Centinaia di corpi di individui presi e detenuti da gruppi armati sono stati scoperti nelle strade, in ospedali e discariche di rifiuti, molti avevano gli arti legati, segni di tortura e ferite da arma da fuoco, si legge in un report pubblicato dall’Ufficio delle Nazioni Unite per i diritti umani, che prende in considerazione fatti avvenuti dalla firma dell'Accordo politico libico (LPA) il 17 dicembre 2015 fino al 1 ° gennaio 2018

Migliaia di persone sottoposte a torture, abusi e altre violazioni dei diritti umani nei luoghi di detenzione gestiti da gruppi armati, “inclusi quelli alleati del governo” di Fayez Al Sarraj, alleato dell’Italia nel contenimento dei flussi migratori.
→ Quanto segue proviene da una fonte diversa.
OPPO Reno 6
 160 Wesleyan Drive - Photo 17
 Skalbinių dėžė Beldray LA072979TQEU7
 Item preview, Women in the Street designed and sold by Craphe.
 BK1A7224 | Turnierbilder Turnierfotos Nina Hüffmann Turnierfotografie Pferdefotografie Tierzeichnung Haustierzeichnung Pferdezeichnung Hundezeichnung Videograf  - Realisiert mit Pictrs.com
Lo si legge un rapporto pubblicato oggi a Ginevra dall’Unsmil, la missione dell’Onu in Libia.

Nel Paese nordafricano, centinaia di corpi di individui presi e detenuti da gruppi armati sono stati scoperti nelle strade, in ospedali e discariche di rifiuti, molti avevano gli arti legati, segni di tortura e ferite da arma da fuoco: “Uomini, donne e bambini sono detenuti arbitrariamente o illegalmente privati della libertà in base ai loro legami tribali o familiari e la loro presunta affiliazione politica”, afferma il documento dell’Ufficio delle Nazioni Unite per i diritti umani, che prende in considerazione fatti avvenuti dalla firma dell’Accordo politico libico (LPA) il 17 dicembre 2015 fino al 1 ° gennaio 2018.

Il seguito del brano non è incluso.